Hasta ese momento el partido, bien cerrado, se había jugado con dientes apretados y sin margen para el error. El violeta pudo llegar al gol a través de un cabezazo de Risso y los aurinegros de una jugada resuelta con velocidad y precisión a los 11 minutos, en la que Zambrana estrelló el balón en el palo y otra, a los 19 minutos, cuando Zalayeta cabeceó afuera. Defensor intentaba dañar por las bandas con el juvenil Gedoz, mientras que Peñarol imponía su juego con el talento de Carlos Grossmüller, que empieza a ser un jugador determinante.

El gol cambió el partido, porque en el complemento Defensor Sporting tuvo que salir a buscar más arriba. De esa forma se abrió la cancha. Peñarol perdió a Valdez por lesión y Da Silva rearmó la defensa (Álvez, González, Macaluso, Raguso), al tiempo que mandó a Aureliano Torres por Zambrana, quien había sido uno de los más destacados hasta ese momento. Pese a que no pareció la mejor variante en ese momento, la buena lectura del técnico mirasol resultó decisiva, porque el violeta dejó espacios y el paraguayo dañó con su ida y vuelta por izquierda. En una de esas jugadas, con una alta cuota de fortuna, a los 74 minutos, una pelota cruzó toda el área y Torres estableció el 2-0.

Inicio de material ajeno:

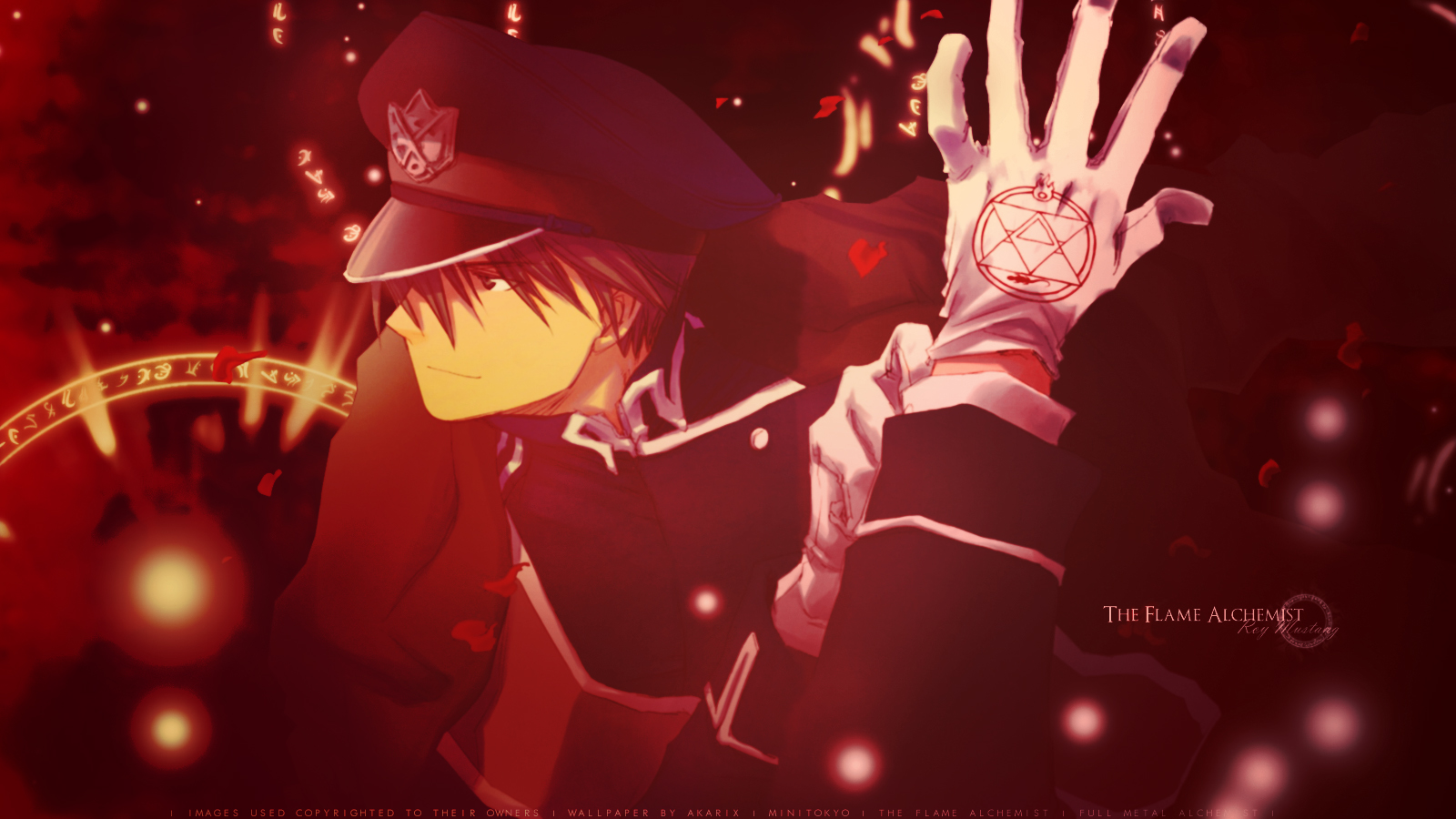 all_male, fullmetal_alchemist, gloves, hat, magic, male, red, roy_mustang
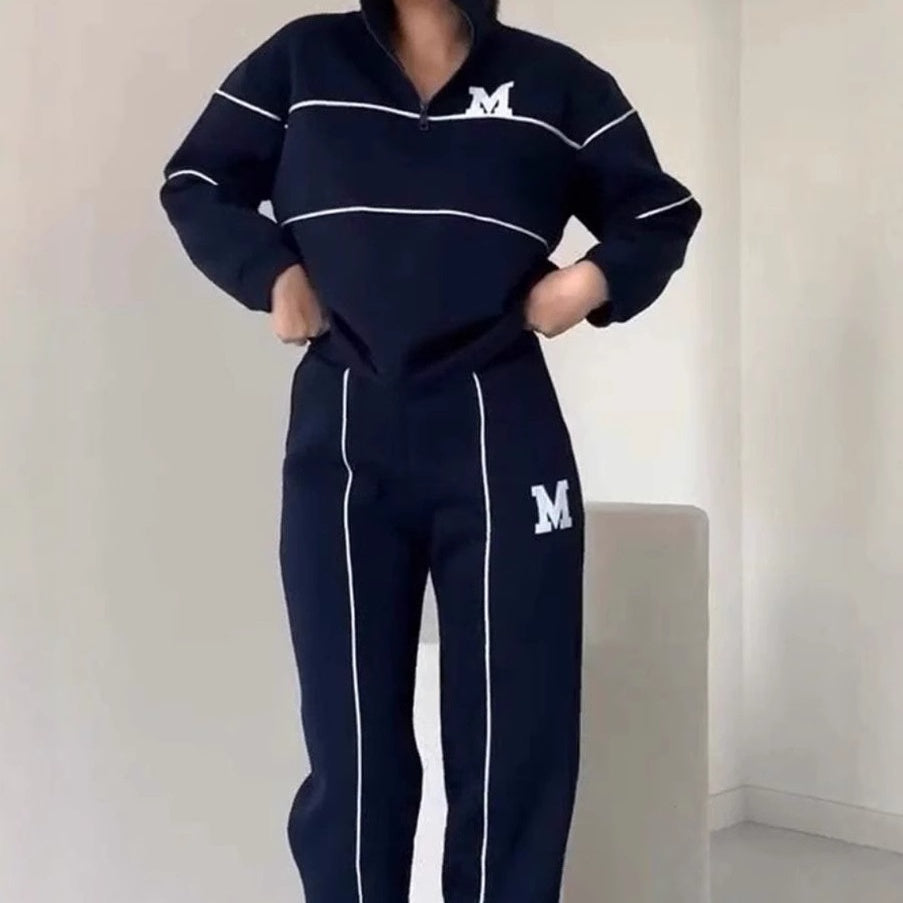 Lässiges Sweatshirt 2-teiliges Set mit Linie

Olivera debió recibir la segunda tarjeta amarilla –si Vázquez aplicaba el mismo rigor que Falce el sábado con el delantero de Nacional, Bueno– cuando cargó con violencia sobre Irrazábal, lo que le habría dejado fuera del clásico.

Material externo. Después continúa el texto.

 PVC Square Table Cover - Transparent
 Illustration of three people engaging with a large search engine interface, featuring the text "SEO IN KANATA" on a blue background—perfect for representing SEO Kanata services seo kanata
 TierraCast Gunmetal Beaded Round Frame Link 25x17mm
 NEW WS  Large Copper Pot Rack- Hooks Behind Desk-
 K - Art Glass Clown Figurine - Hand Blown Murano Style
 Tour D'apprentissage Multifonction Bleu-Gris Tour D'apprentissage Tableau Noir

Jugado, Tabaré Silva arriesgó lo que le quedaba y con el ingreso de Puppo encontró el gol de descuento cuando ya no quedaba margen para más nada.

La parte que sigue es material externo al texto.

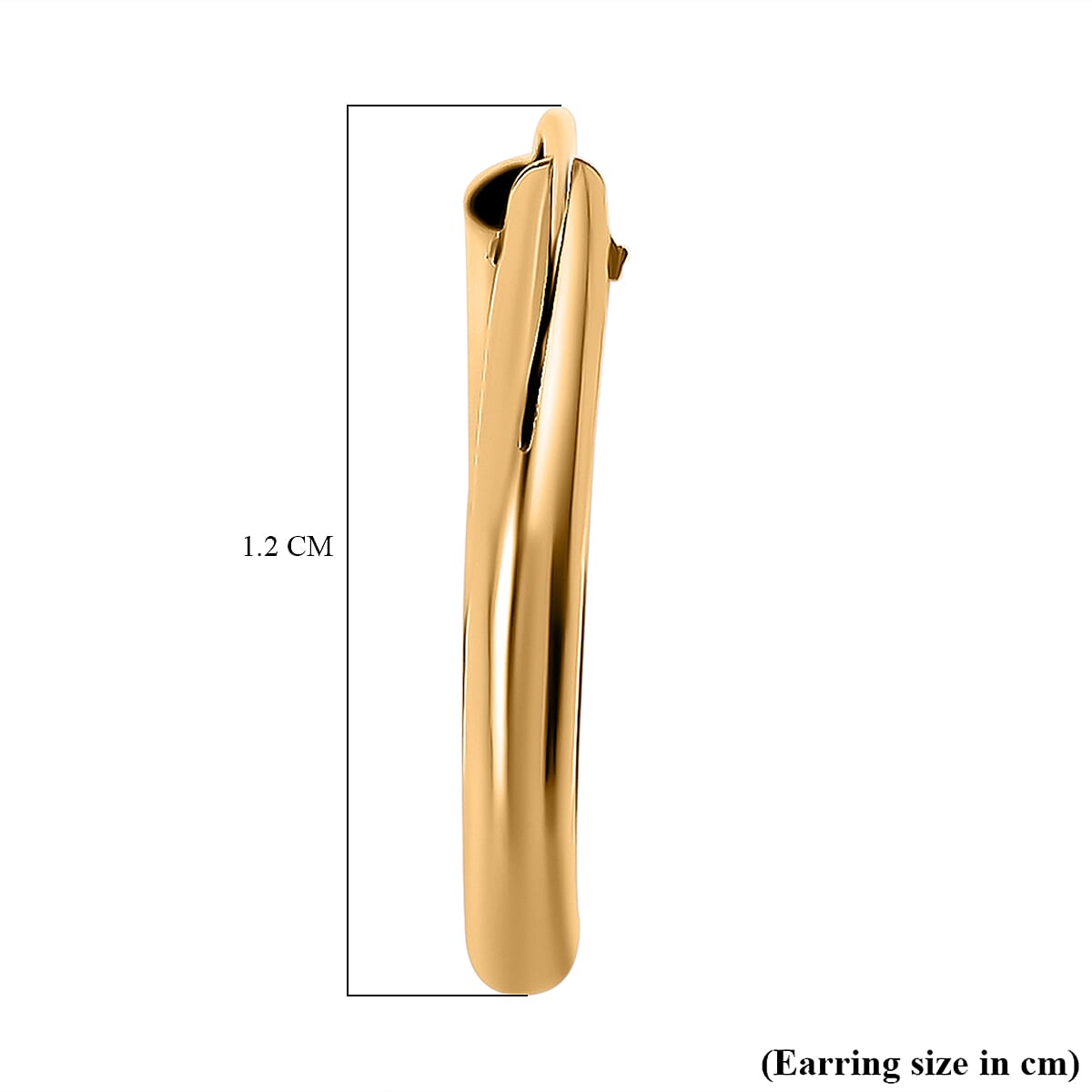 9K Yellow Gold 1.2MM Tube 13MM Sleeper Hoop Earrings 0.32 grams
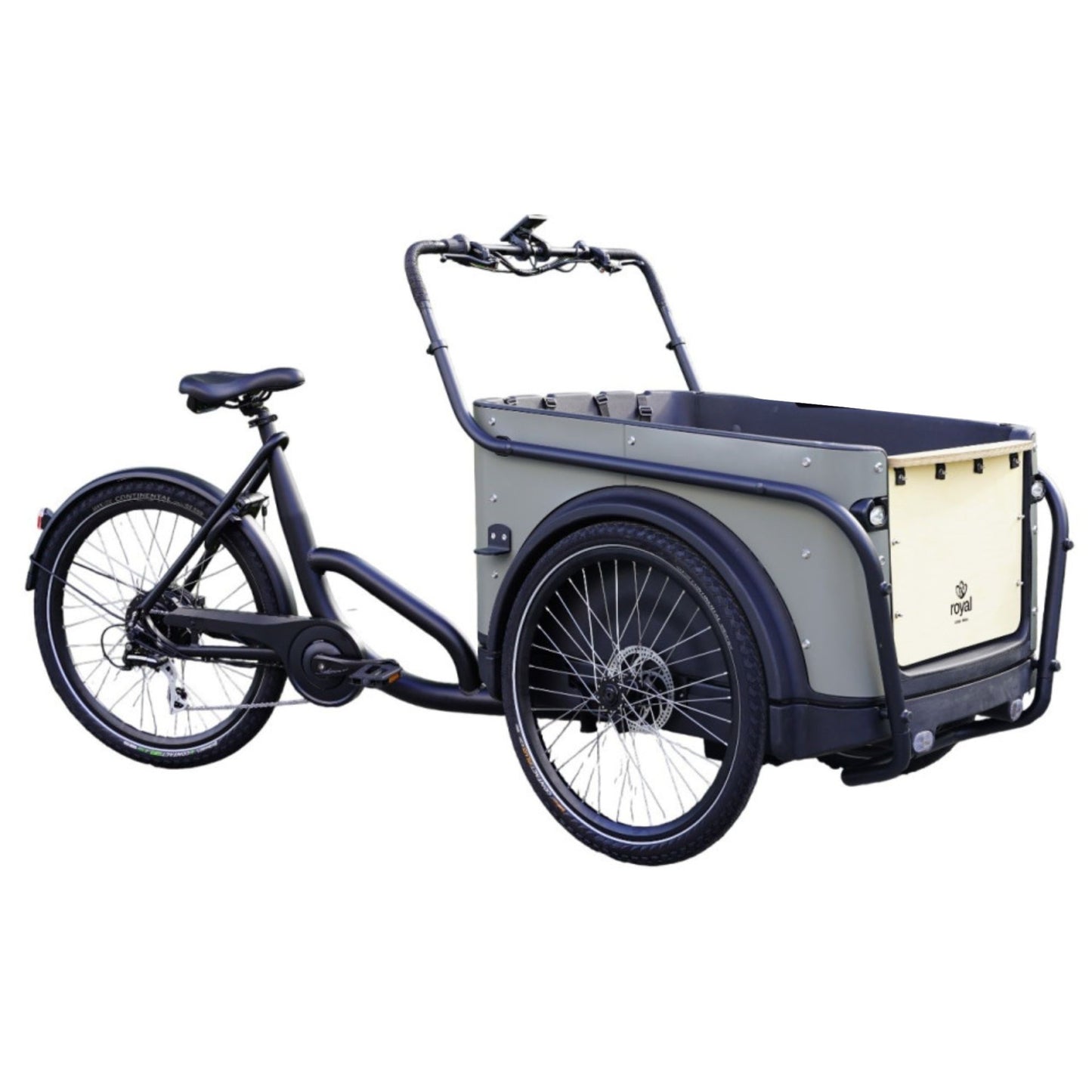 Elektrische bakfiets driewieler met ruime kunststof bak voor 4 kinderen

Peñarol está sólido, maduro, creció a lo largo del Apertura y moldeó ese espíritu ganador que hoy lo sostiene como líder. Ahora debe confirmarlo el domingo en el clásico, en el que Nacional está jugado a otro milagro de Álvaro Recoba. Pero, el fútbol son momentos, y es por eso que el aurinegro manda y tiene pinta de campeón.